The best way to find great value stocks is to pair a strong Zacks Rank with an impressive grade in the Value category of our Style Scores system. The proven Zacks Rank puts an emphasis on earnings estimates and estimate revisions, while our Style Scores work to identify stocks with specific traits.
Screen Holdings Co., Ltd and STMicroelectronics are sporting Zacks Ranks of #1 (Strong Buy) and #2 (Buy), respectively, right now. The Zacks Rank favors stocks that have recently seen positive revisions to their earnings estimates, so investors should rest assured that DINRF has an improving earnings outlook.
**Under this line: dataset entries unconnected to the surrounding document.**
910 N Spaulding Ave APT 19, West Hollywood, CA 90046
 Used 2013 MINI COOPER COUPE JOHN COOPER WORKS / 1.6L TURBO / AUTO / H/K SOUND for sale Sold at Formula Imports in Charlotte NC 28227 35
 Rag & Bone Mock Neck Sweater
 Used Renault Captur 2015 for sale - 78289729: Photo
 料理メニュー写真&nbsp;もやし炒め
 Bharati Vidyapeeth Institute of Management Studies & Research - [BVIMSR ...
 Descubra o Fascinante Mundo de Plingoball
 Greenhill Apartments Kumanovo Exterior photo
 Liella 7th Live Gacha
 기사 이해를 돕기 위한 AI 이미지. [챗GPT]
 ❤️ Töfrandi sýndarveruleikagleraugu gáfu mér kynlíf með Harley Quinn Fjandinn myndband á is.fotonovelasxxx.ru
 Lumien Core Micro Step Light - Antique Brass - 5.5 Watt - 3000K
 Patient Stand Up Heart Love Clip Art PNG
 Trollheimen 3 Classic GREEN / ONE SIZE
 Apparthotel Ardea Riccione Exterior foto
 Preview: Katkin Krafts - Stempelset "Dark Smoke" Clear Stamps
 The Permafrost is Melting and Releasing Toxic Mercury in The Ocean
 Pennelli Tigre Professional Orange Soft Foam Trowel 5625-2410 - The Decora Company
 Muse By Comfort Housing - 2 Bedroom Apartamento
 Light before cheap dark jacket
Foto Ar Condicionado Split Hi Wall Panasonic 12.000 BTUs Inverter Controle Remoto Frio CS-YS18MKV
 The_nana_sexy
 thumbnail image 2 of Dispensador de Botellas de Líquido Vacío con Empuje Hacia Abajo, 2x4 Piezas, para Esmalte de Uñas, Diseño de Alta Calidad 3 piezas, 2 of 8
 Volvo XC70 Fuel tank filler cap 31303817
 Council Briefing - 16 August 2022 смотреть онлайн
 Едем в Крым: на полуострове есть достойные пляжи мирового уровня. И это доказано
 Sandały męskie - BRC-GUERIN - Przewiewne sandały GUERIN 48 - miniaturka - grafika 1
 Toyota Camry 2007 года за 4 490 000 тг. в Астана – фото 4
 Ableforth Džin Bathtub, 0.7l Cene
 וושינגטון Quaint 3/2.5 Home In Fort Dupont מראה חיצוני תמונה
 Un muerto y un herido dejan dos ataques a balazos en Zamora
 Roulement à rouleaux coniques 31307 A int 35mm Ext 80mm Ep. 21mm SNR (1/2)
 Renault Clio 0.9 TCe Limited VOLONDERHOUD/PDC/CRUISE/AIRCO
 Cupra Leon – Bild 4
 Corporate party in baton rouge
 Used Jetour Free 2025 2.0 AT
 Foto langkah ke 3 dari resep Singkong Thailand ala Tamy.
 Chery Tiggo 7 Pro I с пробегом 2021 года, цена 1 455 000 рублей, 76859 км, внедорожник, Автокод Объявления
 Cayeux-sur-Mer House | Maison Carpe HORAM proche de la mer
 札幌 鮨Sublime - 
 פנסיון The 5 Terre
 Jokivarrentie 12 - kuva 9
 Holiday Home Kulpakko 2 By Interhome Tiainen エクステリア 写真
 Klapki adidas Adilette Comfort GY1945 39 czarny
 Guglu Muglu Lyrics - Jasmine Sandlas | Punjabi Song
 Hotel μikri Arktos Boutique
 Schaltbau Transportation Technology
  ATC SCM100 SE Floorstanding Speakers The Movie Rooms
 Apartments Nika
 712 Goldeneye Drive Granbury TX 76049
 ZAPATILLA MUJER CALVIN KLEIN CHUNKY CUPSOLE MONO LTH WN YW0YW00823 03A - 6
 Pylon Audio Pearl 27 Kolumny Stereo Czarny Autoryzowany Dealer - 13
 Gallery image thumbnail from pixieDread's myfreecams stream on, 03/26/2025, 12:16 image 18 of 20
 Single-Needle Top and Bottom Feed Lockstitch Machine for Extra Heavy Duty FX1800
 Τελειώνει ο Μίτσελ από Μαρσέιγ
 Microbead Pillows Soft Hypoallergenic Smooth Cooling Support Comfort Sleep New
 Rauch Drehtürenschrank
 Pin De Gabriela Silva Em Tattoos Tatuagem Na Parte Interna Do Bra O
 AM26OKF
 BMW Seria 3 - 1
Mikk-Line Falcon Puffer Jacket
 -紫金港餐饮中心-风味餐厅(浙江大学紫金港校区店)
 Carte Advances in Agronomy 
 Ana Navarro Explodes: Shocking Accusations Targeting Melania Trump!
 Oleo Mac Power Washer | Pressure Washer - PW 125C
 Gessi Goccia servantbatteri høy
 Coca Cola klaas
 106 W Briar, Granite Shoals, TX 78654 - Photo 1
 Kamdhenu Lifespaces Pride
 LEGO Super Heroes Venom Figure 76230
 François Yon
However, value investors will care about much more than just this.
Value investors are also interested in a number of tried-and-true valuation metrics that help show when a company is undervalued at its current share price levels.
The Value category of the Style Scores system identifies undervalued companies by looking at a number of key metrics. These include the long-favored P/E ratio, P/S ratio, earnings yield, cash flow per share, and a variety of other fundamentals that help us determine a company's fair value.
DINRF currently has a forward P/E ratio of 11.30, while STM has a forward P/E of 22.50. We also note that DINRF has a PEG ratio of 1.13. This popular metric is similar to the widely-known P/E ratio, with the difference being that the PEG ratio also takes into account the company's expected earnings growth rate. STM currently has a PEG ratio of 4.50.
Another notable valuation metric for DINRF is its P/B ratio of 1.11. The P/B ratio is used to compare a stock's market value with its book value, which is defined as total assets minus total liabilities. For comparison, STM has a P/B of 3.23.
These are just a few of the metrics contributing to DINRF's Value grade of A and STM's Value grade of C.
DINRF stands above STM thanks to its solid earnings outlook, and based on these valuation figures, we also feel that DINRF is the superior value option right now.